# Calculation of maximum AVC contribution allowable



## Ziboo (4 Mar 2009)

Due to current market conditions I am considering increasing my pension contributions and am looking for guidance on the maximum amounts I could contribute, and the effect on age limits on these amounts. 

For example.
Salary = 100
Company pension contribution = 15

Between 30 and 39 the age maximum contribution is 20%
Between 40 and 49 the age maximum contribution is 25%

two questions.
1. What is the maximum contribution percentage based on. 
Is it salary plus employer contribution 115 (100+15). so at 40 it would be 25% of 115 = 28.75. 
The company have already contributed 15, so I could contribute up to 13.75 (28.75 - 15)?
Or is it based on the salary prior to employers pension or another amount?

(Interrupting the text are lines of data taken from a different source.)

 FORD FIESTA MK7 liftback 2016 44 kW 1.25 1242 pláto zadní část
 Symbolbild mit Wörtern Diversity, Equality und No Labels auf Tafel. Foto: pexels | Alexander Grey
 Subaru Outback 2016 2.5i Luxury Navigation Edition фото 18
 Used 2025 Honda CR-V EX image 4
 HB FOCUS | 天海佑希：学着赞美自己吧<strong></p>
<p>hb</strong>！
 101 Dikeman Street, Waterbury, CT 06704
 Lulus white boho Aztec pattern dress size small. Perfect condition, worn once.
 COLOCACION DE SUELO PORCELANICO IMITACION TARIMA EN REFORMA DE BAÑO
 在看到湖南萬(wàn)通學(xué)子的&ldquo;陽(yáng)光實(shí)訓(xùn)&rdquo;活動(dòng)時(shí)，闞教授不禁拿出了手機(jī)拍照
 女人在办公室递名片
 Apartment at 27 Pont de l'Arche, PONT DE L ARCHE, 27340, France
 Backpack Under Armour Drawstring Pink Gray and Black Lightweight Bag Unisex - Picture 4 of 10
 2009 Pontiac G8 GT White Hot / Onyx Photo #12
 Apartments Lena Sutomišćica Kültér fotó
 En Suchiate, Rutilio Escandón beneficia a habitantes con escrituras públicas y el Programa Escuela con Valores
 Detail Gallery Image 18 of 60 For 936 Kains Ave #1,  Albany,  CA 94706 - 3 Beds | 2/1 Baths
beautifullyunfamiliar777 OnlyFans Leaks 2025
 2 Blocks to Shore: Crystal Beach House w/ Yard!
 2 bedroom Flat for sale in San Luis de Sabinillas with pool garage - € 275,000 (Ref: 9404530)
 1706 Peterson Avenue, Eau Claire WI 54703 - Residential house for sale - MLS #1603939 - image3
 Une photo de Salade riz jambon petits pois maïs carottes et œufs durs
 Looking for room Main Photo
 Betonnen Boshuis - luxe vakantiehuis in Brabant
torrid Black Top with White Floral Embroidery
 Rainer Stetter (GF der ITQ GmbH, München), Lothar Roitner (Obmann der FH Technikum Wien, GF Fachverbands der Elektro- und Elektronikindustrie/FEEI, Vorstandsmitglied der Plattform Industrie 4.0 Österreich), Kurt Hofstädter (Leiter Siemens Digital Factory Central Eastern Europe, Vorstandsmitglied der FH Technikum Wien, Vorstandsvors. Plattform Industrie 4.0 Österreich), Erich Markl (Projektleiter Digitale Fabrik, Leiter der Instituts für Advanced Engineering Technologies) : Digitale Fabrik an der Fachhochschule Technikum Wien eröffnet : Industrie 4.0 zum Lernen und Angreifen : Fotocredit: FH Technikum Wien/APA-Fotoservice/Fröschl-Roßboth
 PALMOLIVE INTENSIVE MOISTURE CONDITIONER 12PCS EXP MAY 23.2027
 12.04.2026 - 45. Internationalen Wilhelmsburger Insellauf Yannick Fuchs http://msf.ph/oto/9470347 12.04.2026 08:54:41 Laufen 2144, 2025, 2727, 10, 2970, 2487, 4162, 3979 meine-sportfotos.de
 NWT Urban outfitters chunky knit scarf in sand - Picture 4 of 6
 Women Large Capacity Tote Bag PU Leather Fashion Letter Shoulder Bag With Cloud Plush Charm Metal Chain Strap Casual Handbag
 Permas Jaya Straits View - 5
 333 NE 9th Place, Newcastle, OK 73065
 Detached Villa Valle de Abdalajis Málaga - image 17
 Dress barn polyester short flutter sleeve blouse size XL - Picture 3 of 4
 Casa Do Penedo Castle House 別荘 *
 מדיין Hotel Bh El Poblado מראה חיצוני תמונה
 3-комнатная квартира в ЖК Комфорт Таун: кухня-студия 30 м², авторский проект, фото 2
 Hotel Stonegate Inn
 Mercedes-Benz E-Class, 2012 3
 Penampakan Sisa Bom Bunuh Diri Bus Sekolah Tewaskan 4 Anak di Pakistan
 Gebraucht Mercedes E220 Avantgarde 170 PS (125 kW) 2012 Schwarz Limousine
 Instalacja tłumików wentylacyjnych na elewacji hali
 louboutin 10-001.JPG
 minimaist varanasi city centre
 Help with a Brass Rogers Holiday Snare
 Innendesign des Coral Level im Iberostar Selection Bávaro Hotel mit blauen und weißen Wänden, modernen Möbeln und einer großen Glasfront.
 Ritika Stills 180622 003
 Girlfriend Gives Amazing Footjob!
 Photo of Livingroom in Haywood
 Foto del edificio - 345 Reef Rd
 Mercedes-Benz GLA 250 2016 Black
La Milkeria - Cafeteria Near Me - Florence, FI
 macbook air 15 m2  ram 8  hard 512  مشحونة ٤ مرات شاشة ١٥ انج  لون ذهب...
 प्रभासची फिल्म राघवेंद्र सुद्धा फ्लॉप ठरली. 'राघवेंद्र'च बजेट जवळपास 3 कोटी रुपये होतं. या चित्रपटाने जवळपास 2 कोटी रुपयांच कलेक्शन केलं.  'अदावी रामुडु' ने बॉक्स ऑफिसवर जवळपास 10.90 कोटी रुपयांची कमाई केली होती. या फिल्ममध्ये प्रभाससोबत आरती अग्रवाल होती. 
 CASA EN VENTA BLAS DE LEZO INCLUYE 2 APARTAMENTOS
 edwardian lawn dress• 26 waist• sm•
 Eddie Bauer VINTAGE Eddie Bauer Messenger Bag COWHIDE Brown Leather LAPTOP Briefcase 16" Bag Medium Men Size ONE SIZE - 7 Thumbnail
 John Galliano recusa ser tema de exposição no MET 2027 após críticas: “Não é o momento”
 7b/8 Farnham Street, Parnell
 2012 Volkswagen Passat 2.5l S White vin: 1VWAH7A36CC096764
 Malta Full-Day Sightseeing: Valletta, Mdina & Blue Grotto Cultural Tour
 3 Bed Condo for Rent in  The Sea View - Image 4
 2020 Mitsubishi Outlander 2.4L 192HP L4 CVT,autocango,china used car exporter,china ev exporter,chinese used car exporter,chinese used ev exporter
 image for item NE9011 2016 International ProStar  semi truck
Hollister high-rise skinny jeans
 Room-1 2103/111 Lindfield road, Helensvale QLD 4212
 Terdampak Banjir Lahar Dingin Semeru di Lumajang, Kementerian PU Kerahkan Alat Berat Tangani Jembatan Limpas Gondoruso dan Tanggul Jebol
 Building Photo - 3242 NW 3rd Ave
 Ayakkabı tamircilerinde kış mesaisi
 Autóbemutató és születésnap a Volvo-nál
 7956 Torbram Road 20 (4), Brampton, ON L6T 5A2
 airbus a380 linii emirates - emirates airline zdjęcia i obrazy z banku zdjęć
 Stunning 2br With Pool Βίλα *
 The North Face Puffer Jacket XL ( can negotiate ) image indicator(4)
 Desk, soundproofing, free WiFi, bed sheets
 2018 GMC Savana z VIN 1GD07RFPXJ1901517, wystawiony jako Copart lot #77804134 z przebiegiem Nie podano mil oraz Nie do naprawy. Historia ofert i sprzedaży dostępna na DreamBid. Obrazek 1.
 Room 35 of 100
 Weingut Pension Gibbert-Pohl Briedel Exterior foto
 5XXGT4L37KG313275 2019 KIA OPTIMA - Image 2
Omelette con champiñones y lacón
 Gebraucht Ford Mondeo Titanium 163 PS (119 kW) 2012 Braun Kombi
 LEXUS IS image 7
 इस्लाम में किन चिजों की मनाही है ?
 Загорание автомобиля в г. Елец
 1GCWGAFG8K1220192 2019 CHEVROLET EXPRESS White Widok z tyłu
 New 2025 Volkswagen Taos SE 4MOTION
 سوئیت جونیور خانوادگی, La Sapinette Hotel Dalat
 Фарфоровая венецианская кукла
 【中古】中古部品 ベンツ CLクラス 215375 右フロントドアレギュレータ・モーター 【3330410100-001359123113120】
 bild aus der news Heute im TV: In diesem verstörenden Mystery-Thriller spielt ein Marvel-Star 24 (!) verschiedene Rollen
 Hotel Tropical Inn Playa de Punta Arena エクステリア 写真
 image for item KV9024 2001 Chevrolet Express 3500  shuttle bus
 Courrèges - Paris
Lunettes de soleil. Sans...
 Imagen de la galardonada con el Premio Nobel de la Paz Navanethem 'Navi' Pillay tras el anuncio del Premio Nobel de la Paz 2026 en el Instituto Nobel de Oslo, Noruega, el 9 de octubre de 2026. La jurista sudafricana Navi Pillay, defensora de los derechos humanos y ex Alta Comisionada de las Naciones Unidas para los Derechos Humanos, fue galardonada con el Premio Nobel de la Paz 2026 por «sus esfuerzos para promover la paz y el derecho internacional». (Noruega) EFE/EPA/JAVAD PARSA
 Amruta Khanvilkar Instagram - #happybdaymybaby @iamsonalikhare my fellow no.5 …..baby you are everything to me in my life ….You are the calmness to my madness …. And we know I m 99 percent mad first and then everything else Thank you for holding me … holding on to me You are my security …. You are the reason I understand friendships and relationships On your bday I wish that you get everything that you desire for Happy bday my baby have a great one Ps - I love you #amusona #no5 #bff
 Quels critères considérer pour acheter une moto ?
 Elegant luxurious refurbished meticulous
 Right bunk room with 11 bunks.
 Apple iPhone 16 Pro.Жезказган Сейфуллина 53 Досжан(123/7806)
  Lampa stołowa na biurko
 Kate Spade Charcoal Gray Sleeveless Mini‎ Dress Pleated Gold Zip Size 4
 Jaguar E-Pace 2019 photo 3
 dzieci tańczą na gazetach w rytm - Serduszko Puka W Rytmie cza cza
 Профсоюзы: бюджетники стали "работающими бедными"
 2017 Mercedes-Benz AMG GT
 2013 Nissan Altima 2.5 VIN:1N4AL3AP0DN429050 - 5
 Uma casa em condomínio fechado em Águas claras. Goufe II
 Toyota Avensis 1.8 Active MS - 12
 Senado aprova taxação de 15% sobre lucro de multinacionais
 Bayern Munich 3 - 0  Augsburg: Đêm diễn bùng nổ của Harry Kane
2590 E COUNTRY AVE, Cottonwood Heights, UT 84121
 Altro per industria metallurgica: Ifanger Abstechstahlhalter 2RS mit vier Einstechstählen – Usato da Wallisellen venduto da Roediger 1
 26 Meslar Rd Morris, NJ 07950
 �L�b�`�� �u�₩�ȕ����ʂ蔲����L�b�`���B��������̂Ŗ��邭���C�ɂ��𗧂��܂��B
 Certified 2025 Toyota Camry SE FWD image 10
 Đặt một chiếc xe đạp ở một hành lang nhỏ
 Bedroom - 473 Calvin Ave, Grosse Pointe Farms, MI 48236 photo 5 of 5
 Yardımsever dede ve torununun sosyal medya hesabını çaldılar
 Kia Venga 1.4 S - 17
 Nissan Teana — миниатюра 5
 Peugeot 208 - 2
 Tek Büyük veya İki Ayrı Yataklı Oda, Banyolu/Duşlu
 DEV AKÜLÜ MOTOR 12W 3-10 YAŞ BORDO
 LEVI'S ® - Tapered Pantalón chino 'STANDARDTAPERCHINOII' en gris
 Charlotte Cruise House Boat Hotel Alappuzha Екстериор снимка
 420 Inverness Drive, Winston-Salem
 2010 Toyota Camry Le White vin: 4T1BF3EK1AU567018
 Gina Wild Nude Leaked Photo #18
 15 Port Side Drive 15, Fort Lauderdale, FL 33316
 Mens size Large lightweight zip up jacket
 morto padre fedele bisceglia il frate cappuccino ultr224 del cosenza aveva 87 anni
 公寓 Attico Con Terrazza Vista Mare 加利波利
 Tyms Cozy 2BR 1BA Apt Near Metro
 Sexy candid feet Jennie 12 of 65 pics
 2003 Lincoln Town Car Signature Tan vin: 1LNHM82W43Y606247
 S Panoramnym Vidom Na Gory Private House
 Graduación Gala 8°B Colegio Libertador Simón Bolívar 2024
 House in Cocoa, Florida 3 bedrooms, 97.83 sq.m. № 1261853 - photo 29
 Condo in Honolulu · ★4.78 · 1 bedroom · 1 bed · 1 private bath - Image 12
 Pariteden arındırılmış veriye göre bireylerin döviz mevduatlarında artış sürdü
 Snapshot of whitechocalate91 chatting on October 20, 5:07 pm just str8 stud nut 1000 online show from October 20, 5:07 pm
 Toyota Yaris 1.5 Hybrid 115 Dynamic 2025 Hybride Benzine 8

2. If if is my 40th birthday in this tax year, as I will be in the 25% band at the end of the tax year, does this mean that I could pay up to 25% of the salary for the full tax year?  _(edit, I see this was answered previously as at the age at the end of the tax year)_


----------



## Don_08 (4 Mar 2009)

The max contributions are based on your total taxable earnings made during the tax year.  You cannot include the employer conts - but can include things like car allowance, bonus, vhi etc.

Don;t forget if you did not make the maximum for 2008 you can still make it in respect of that prior to 31 Oct 09.


----------



## extopia (4 Mar 2009)

AFAIK The percentage is based on your gross salary, including bonuses and BIK. Employer contributions are definitely NOT factored in.

[post crossed with above]


----------



## Ziboo (4 Mar 2009)

Thanks for the info.
I presume that means that the employer contribution is taken into account as part of the age maximum contribution. 
So assuming max contribution of 25%. If I have taxable salary of 100 with an employer pension contribution of 15% that would leave a maximum pension contribution I could pay 10% of taxable salary?


----------



## extopia (4 Mar 2009)

Eh, no, what both posts above say is... forget about employer contributions when you're calculating the 25%. It's 25% of your own taxable earnings.


----------



## PetPal (4 Mar 2009)

On the subject of pensions and AVCs I was actually thinking of reducing my AVCs.  Am I mad?  My thinking was that pensions have lost a lot of their value recently (we all know why) and, as I have a small mortgage, I would be better off using the 750 per month that I currently pay as an AVC to help pay off the mortgage early.  I know that I'm losing the tax relief on the AVC which therefore possibly makes my decision a bad one.  However I felt that I might be getting better current use out of the funds by paying off the mortgage early.  Would appreciate your thoughts.


----------



## Don_08 (4 Mar 2009)

Ziboo said:


> Thanks for the info.
> I presume that means that the employer contribution is taken into account as part of the age maximum contribution.
> So assuming max contribution of 25%. If I have taxable salary of 100 with an employer pension contribution of 15% that would leave a maximum pension contribution I could pay 10% of taxable salary?


 
God no  - some poor employers are paying 70-90% in conts at the moment and more.  Forget what the employer is paying.


----------